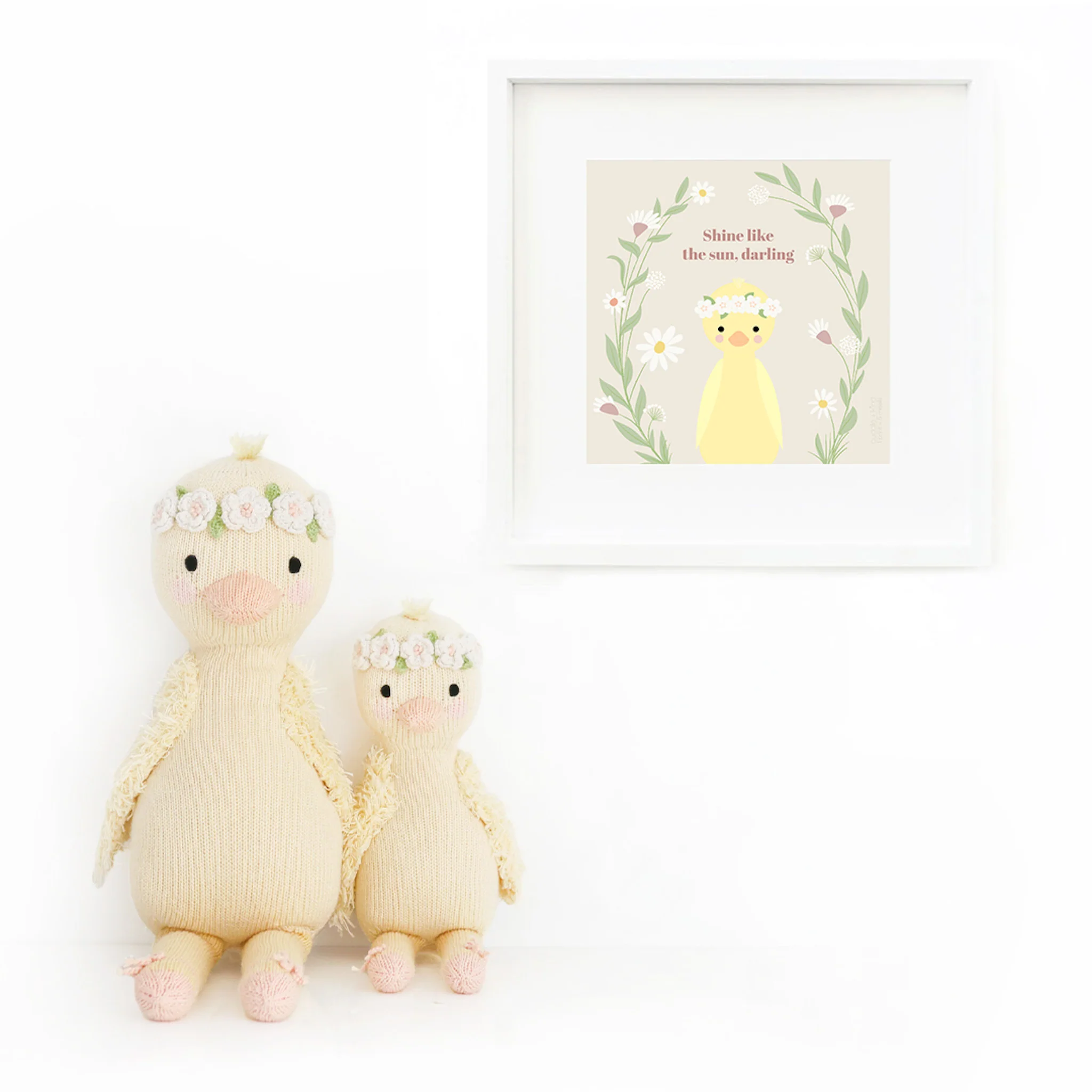 Flora the duckling (mauve) - Image 9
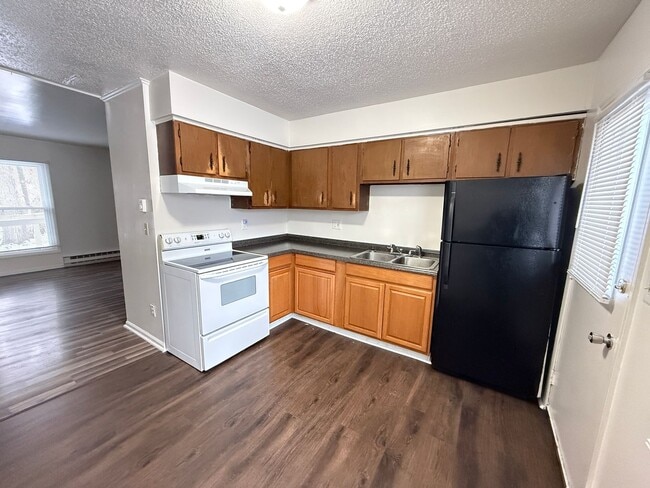 Building Photo - 6140 Scotch Blue Dr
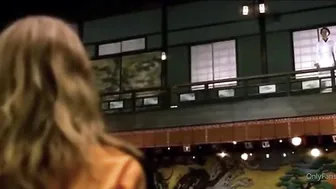 shiaswordgirl Sultry woman fiercely jerks her pussy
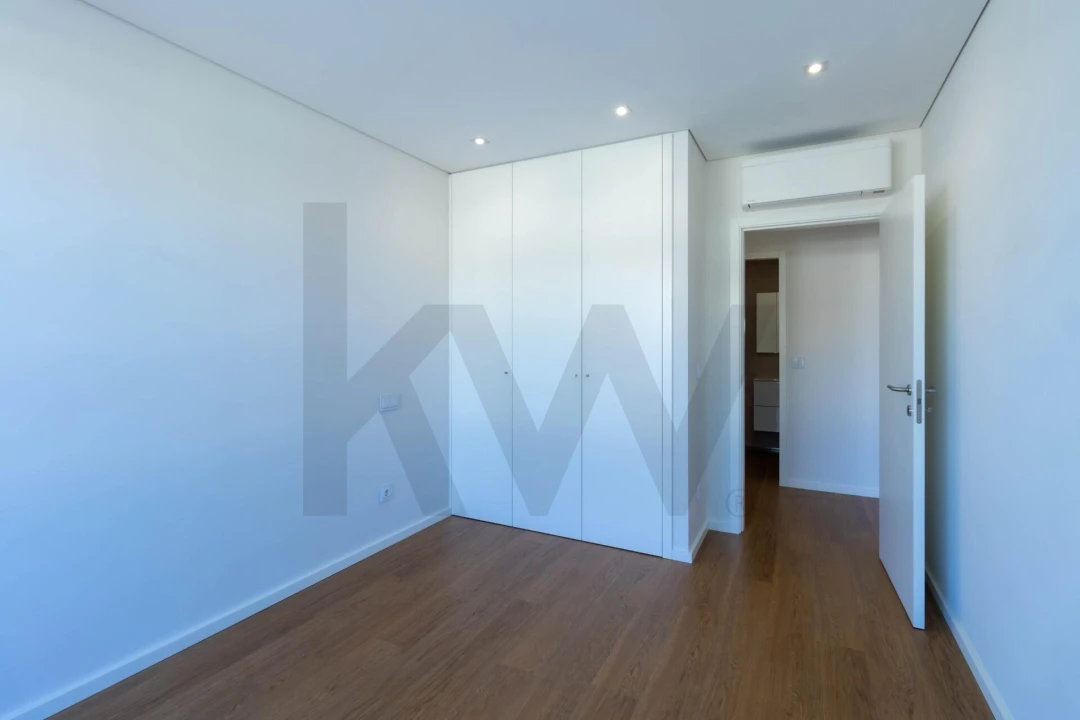 Apartamento T3 para Arrendamento em Canidelo Foto 15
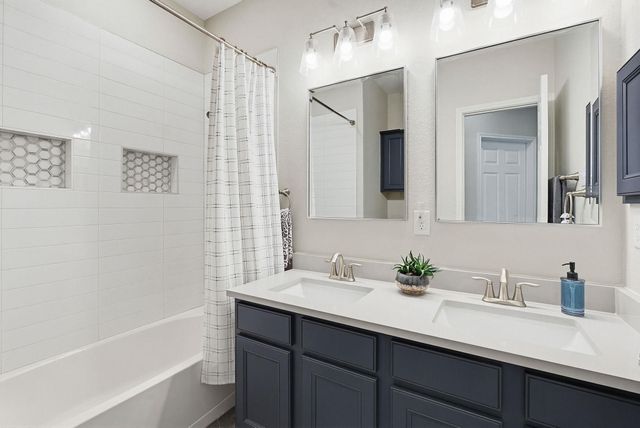 109 Enchanted Woods TRL, Buda, TX 78610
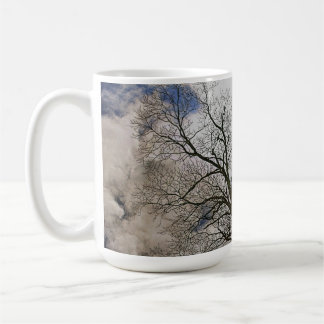 Caneca De Café Árvores negras e Design natural do céu nublado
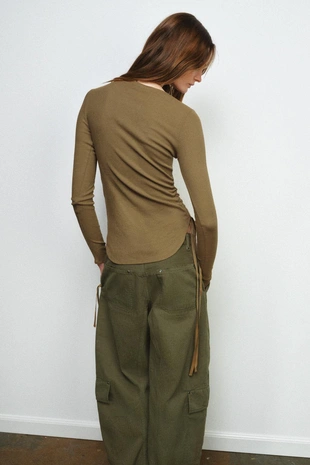 Футболка в стиле рустик со шнуровкой- Заказать в России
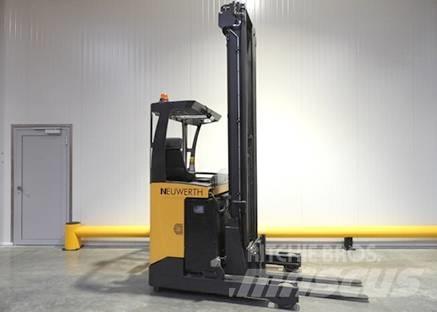 Atlet UMS 160 리치 트럭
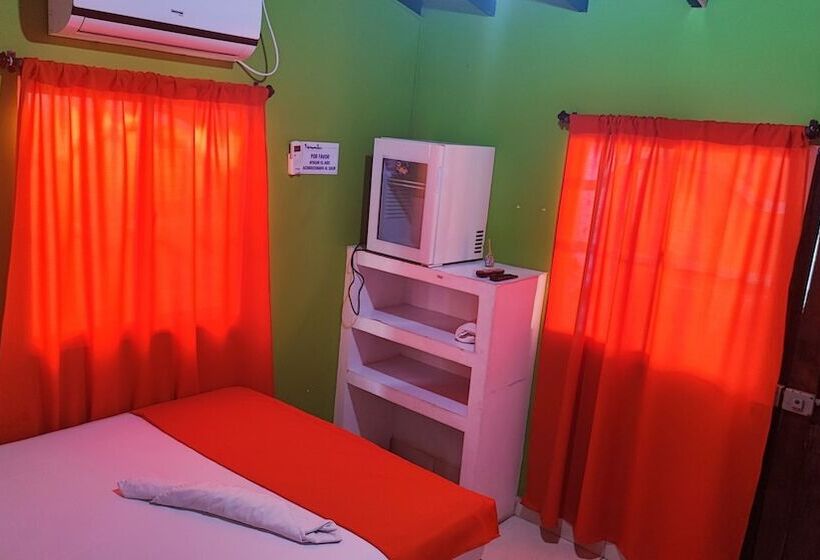 הוסטל Hospedar Frente Al Aeropuerto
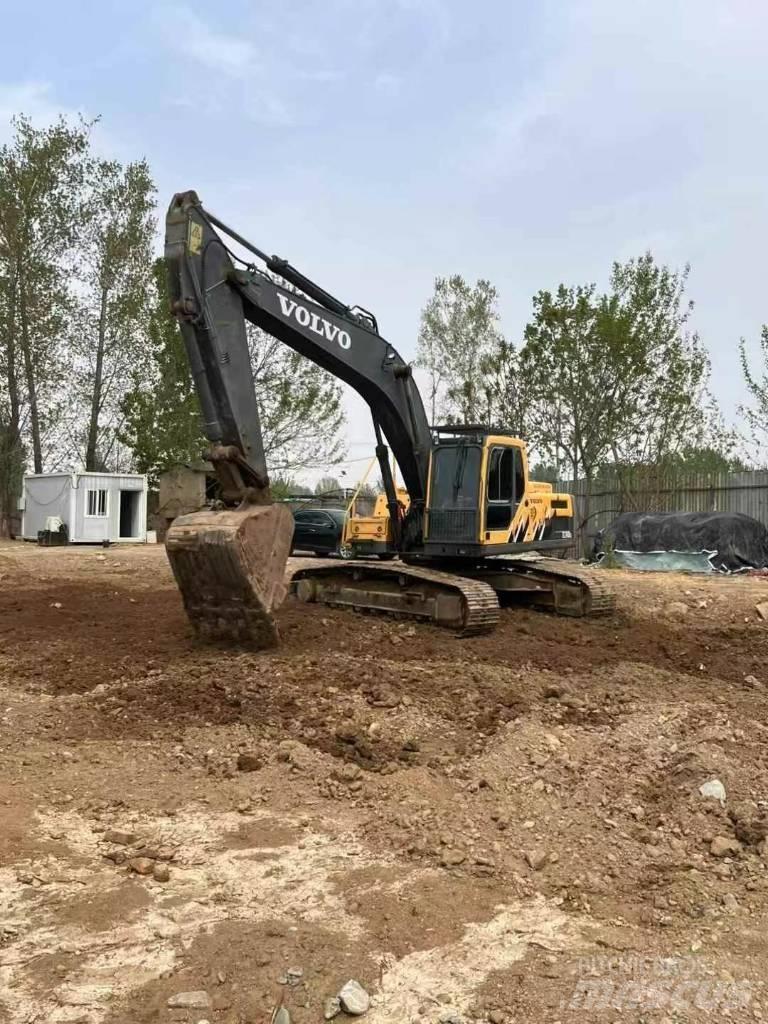 Volvo EC 240 Crawler excavators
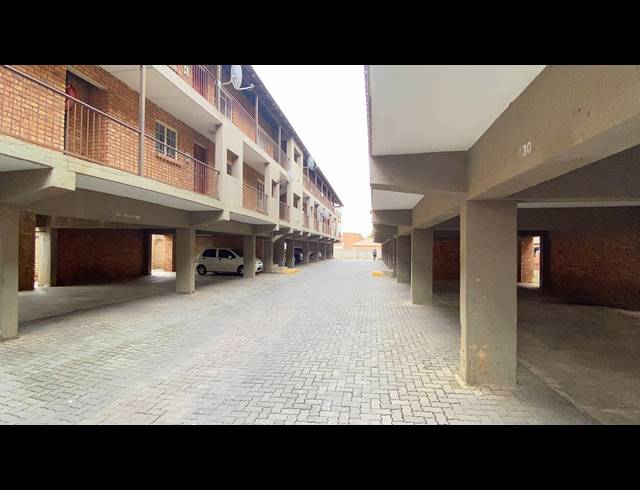 1 BEDROOM FLAT RENTED IN KEMPTON PARK CENTRAL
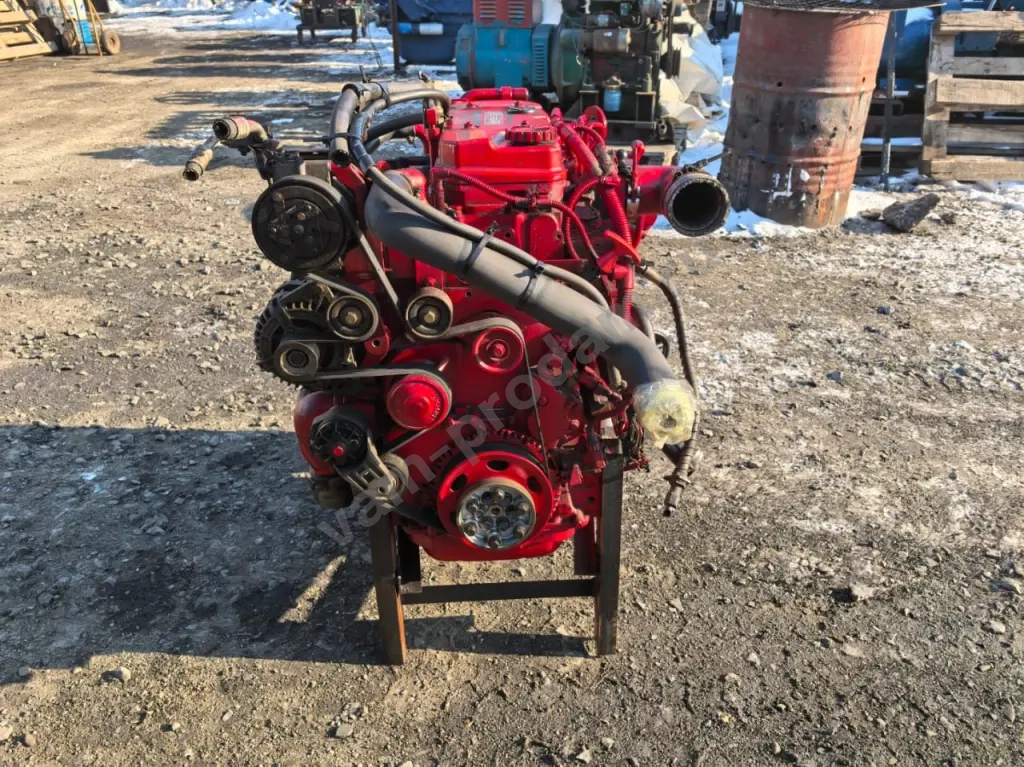 Двигатель б/у Cummins ISDe180-50, 4.5L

******************************

Goal of the exercise:
The answer must be the whole listing, word for word, with no pictures in it. Please write it out.

Result:
 Flora the duckling (mauve) - Image 9
 Building Photo - 6140 Scotch Blue Dr
 shiaswordgirl Sultry woman fiercely jerks her pussy
 Apartamento T3 para Arrendamento em Canidelo Foto 15
 109 Enchanted Woods TRL, Buda, TX 78610
 Caneca De Café Árvores negras e Design natural do céu nublado
 Футболка в стиле рустик со шнуровкой- Заказать в России
 Atlet UMS 160 리치 트럭
 הוסטל Hospedar Frente Al Aeropuerto
 Volvo EC 240 Crawler excavators
 1 BEDROOM FLAT RENTED IN KEMPTON PARK CENTRAL
 Двигатель б/у Cummins ISDe180-50, 4.5L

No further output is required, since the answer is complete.